In general people that are left brained are also linear thinkers and people that are right brained are more likely to be abstract thinkers.

Hence one can understand the assumption that these pairs of descriptions are describing the same items; it’s a case of the correlation being so good that it isn’t even noticed.

And yet I know a few examples (scatter points in the wrong quadrants of the plot if you will) that defy the correlation.

So here is my current most likely hypothesis on the matter:

Abstract thinking is also divergent thinking and linear thinking is convergent thinking. The former attempts to open up a line of thought to consider many options, whereas the latter closes things down and minimises the set of considerations.

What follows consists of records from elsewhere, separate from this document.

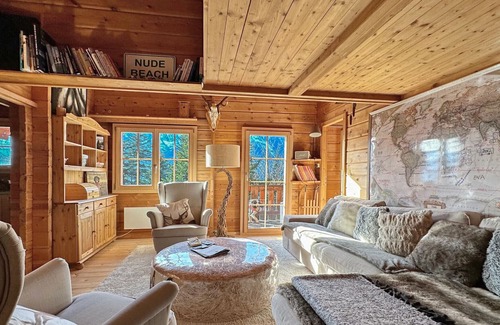 Dorenaz Apartamento | Lodge Le Mirador au coeur de la nature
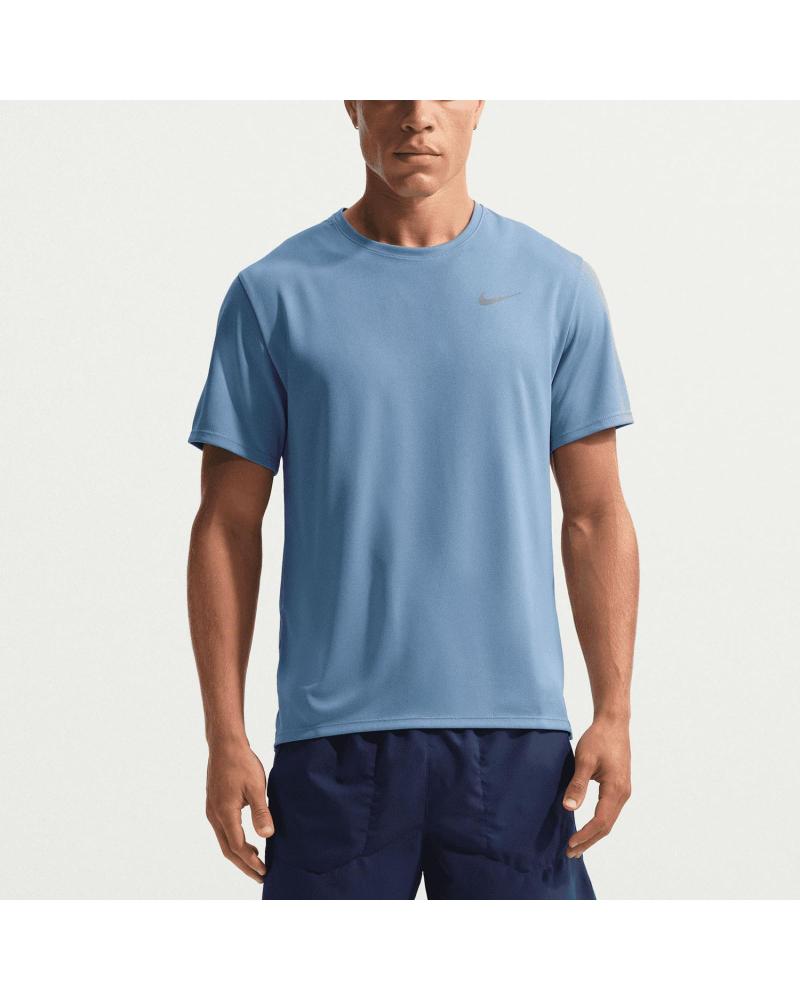 NIKE CAMISETA DE RUNNING MILER DRI-FIT UV VARIOS COLORES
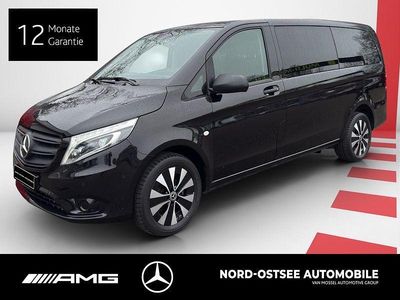 Gebraucht Mercedes Vito Edition 163 PS (119 kW) 2022 Obsidianschwarz metallic Van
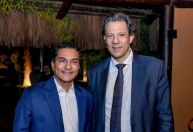 Haddad é cobrado por evangélicos e Elmar diz que “perdeu ganhando” no caso Brazão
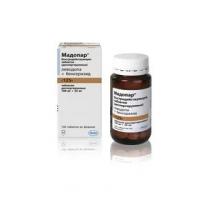 Мадопар быстродействующие таблетки (диспергируемые) «125»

Pros and cons in both – the former may not miss opportunities but takes much longer to arrive at a conclusion; time can be a killer. And divergent thinkers can also drive convergent thinkers mad because they have too many options to pick for communications; often resulting in a null set.

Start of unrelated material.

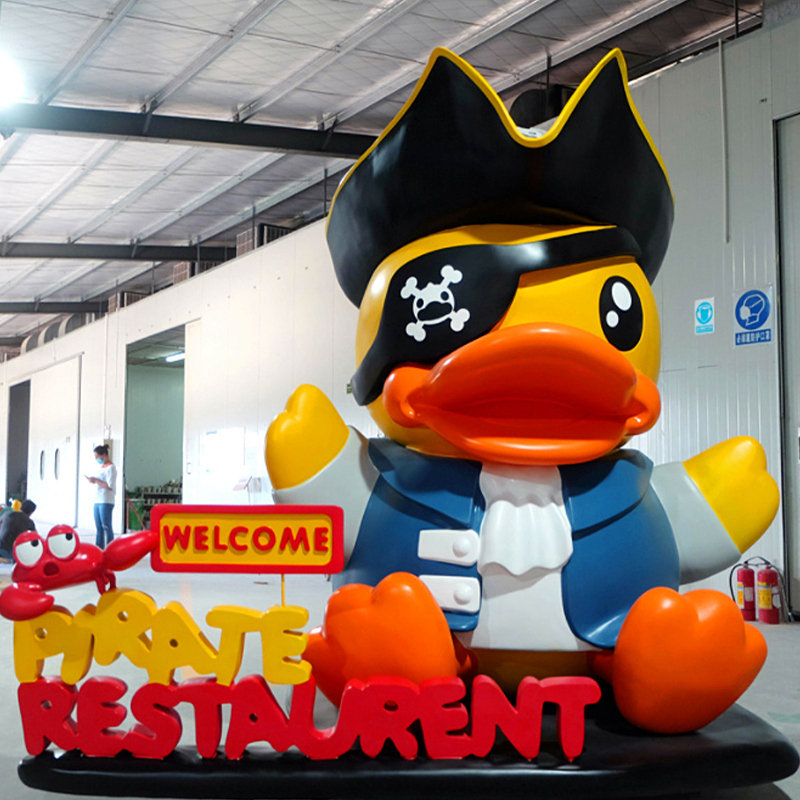 玻璃钢景观雕塑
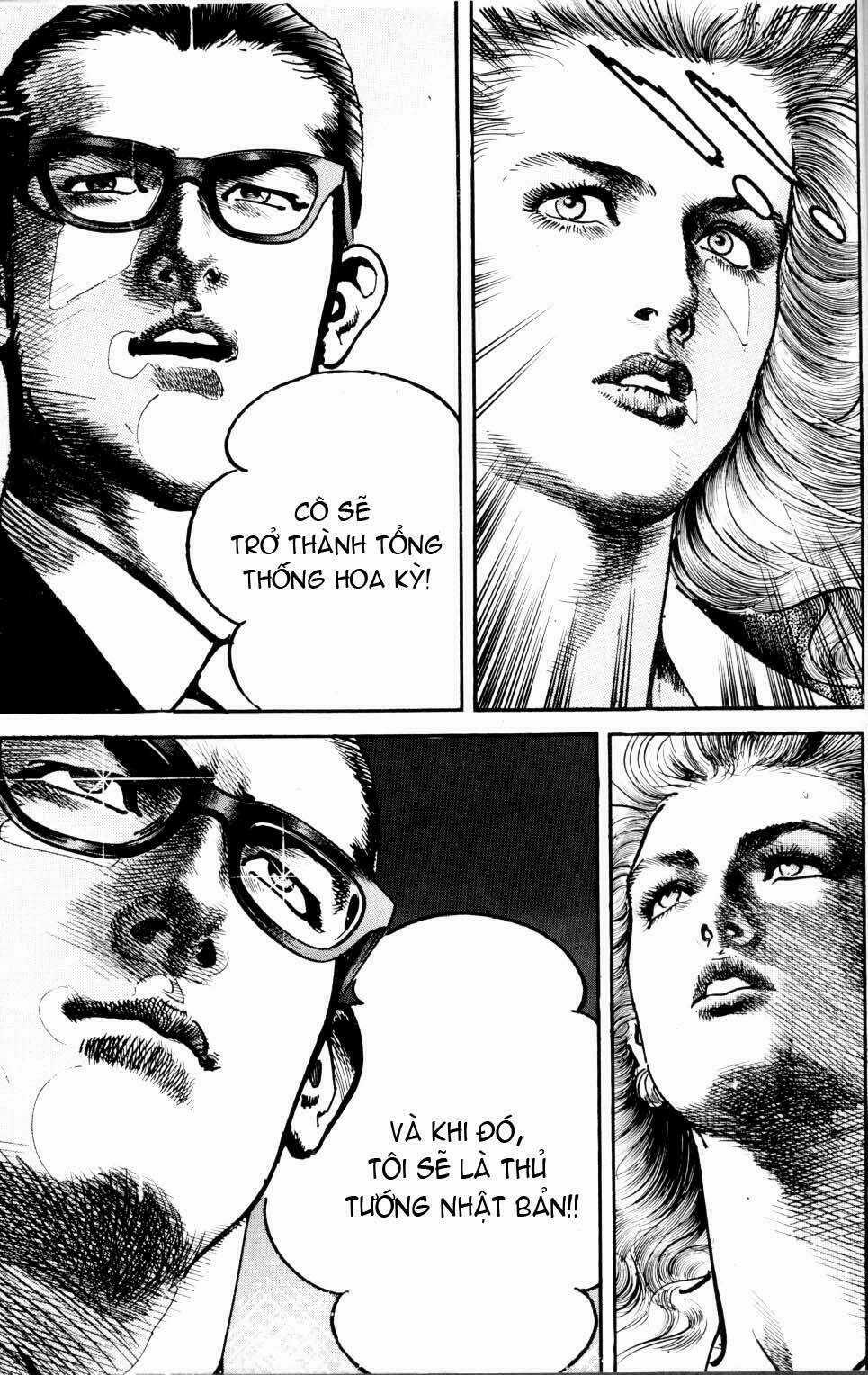 Sanctuary Chapter 44 trang 20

In the case of, say, a divergent (abstract) thinker there is nothing to prevent each step in the ‘expanding set’ of considerations to be dealt with in a left-brained manner, i.e relying with confidence on the skills of logic, language and analytical thinking. It is unusual but it does occur – my mother is one who has this condition.

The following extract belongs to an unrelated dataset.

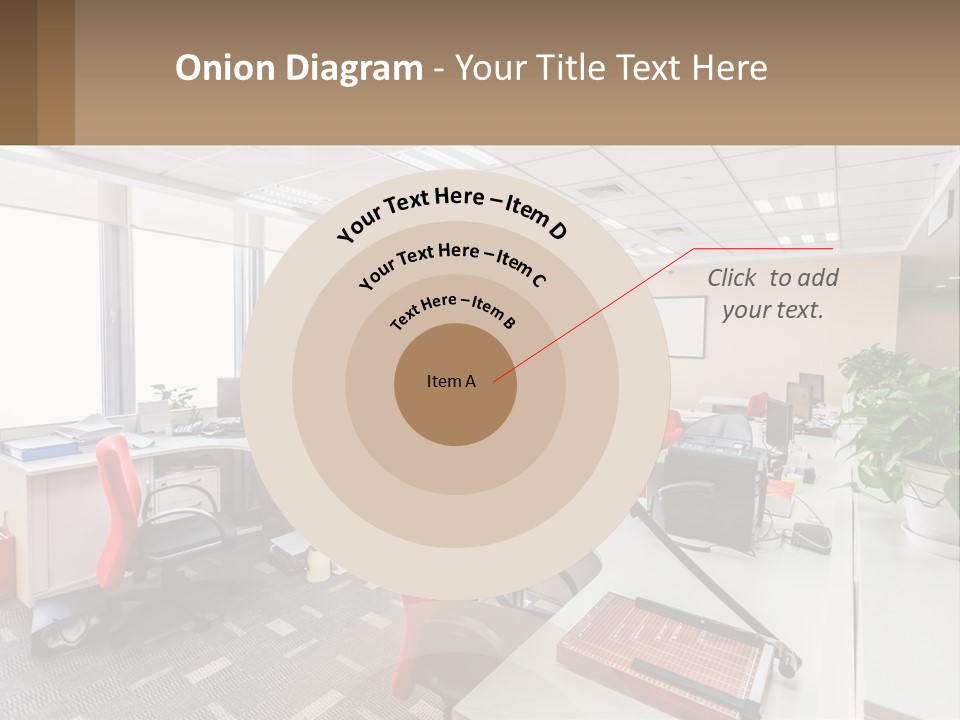 White Conditioner Cool PowerPoint Template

Similarly there are convergent thinkers that are quite artistic and have many of the other characteristics of right brain types, i.e. they are more confident with expressive or creative tasks. And yet they will automatically minimise any set of considerations in a proposition.

I suspect that the tendency to be either left or right brained, or to be a linear or abstract thinker is a matter of confidence. We must learn early on in life to lean a certain way and then begin to trust these characteristics.

I am sure the neural pathways that get used are the ones that become neural highways, so there is probably a case of heavy-use leading to imprinting. But we may also inherit certain characteristics as well.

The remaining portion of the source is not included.